The good news is: The forecast accuracy can be significantly increased with just a few simple means. The even better news is: No complex mathematical-statistical models, expensive software or supernatural abilities are required in the first step – even though these might help as well.
How to measure deviations systematically
A systematic measurement is the requirement for every kind of improvement. However, measurements, which deserve the attribute «systematic», do rarely happen in practice. Often, the forecast accuracy is «measured» as the difference between the forecast and the year-end result. In bad cases this is complemented by a comparison of the «accuracies» of the forecasts 1 to 3. Such «measurement methods» do not provide insights to the increase of the forecast accuracy (for a good introduction to the issue of the systematic measurement, please go to ForPrin).
The more frequent we measure, the better
The more frequent the measurements are conducted, the more data is available for the assessment of the accuracy.
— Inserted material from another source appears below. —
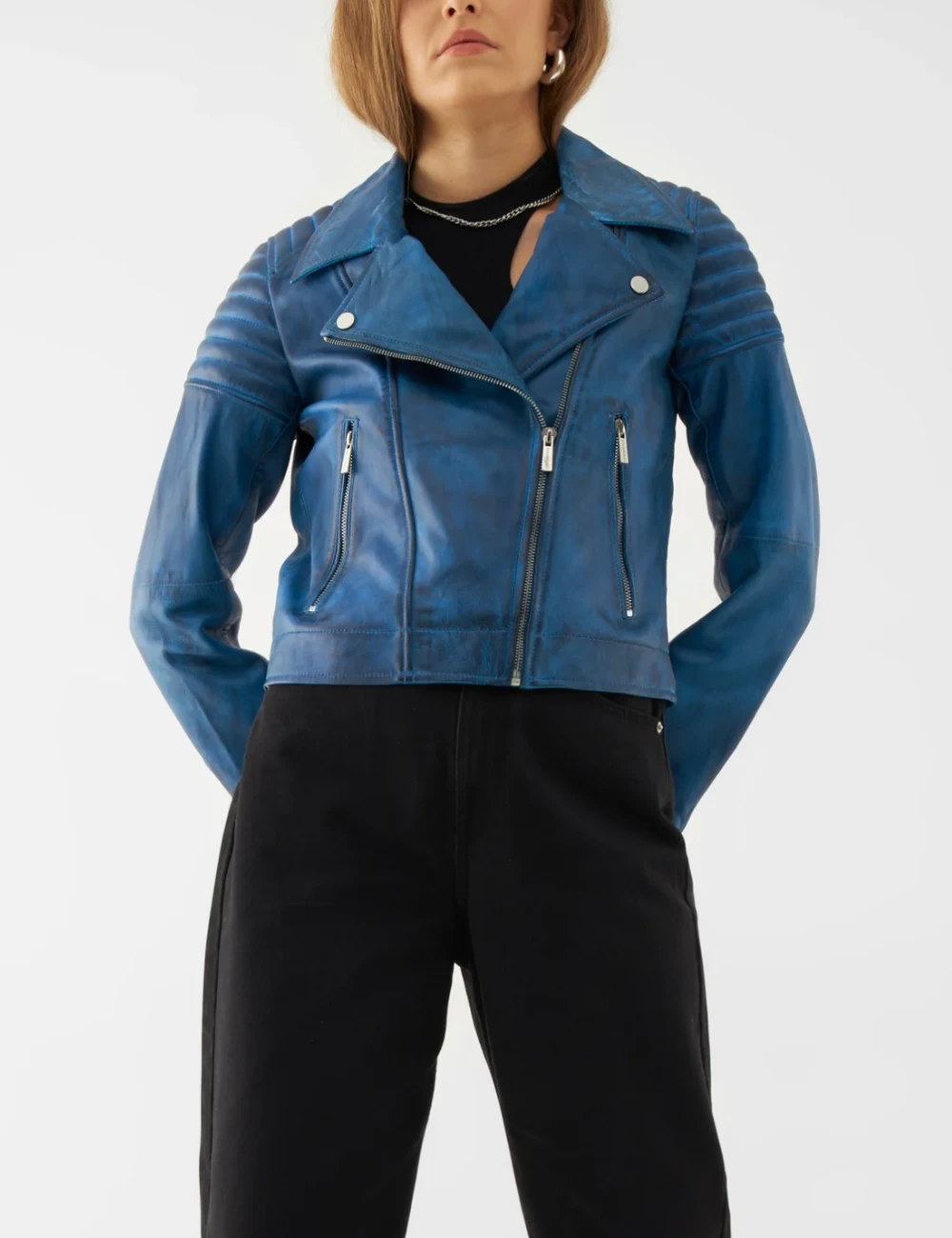 Azure Storm Classic Biker Leather Jacket for Women Bold and Timeless Style 2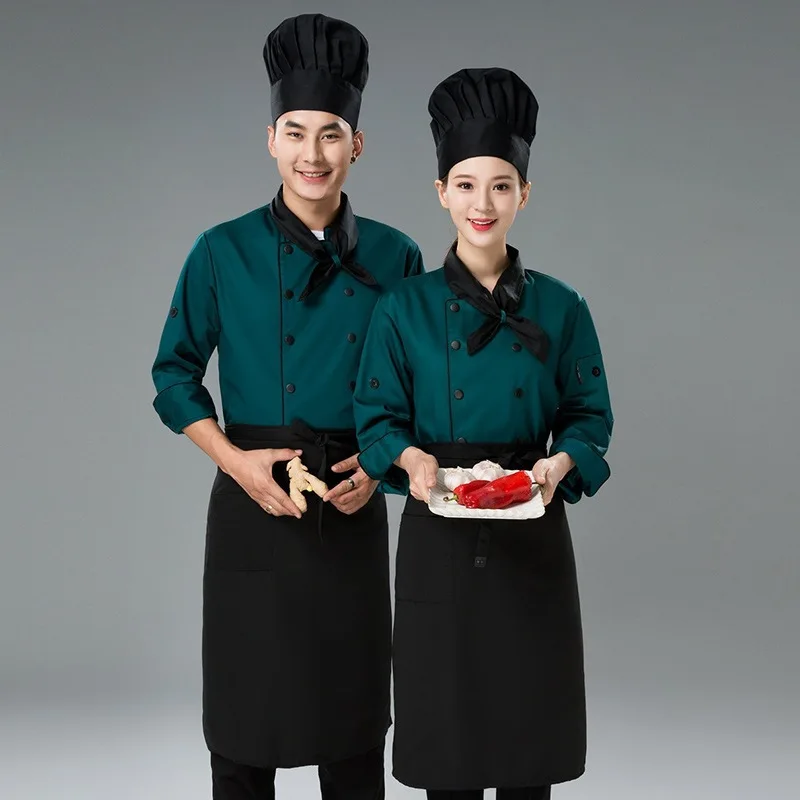 Одежда для шеф-поваров с длинными рукавами Осень и зима одежда мужчины и женщины Отель Ресторан Кухня Шеф-повар комбинезоны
As a result, forecast errors can be identified and fixed in a timely manner.
Here is a simple example: If in four successive forecasts, deviations to the actuals with the same sign are found, then a systematic forecast error must be assumed.* A reason for a systematic forecast error can be, that conservative forecasts are politically not accepted - leading to the continuous production of overoptimistic forecasts. If only three forecasts are created per year, then it takes more than one year to detect a systematic forecast error!
Analyzing all deviations
If forecast errors occur, we have to analyze the reasons for this. Such analyses require well documented assumptions. If it cannot be retraced, why a forecast has been proven incorrect in retrospect, then it has no learning effect.
In the deviation analysis, positive and negative deviations must be considered in the same intense manner.
This also applies to large and small deviations. Even if it doesn’t seem to make much sense in the first place: Forecasts with small deviations should be analyzed as well (at least rudimentarily). Otherwise the possibility cannot be excluded, that the accuracy has been achieved despite false assumptions, for example if the false assumptions cancel each other out. In this case it has merely been luck.
Testing the adjustments
Once the continuous measurement and analysis process is established, adjustments to the forecast methods, processes and models can be tested for their effectiveness. This way it can be checked, whether statistical methods based on historical data are superior to mere expert estimates; or which forecast methods can be combined for logical reasons (empirical studies prove that the combination of several forecast methods leads to a higher accuracy).
Does it really work?
Yes, it really works! Together with a customer, I have established a monthly forecast measurement and analysis process for sales. Already after four months, it has been demonstrated that systematic forecast errors existed in almost all regions. The forecasts in most of the regions were generally too optimistic.
Where there used to be a general suspicion, there is now a certainty. Now, this is a sound basis and the motivation for an improvement of the current forecast methods, processes and models.
*A forecast without any systematic errors will on average provide as many positive deviations to the actuals, as negative ones. The likelihood of four successive deviations with the same sign is merely at 6.25% in a forecast without any systematic errors.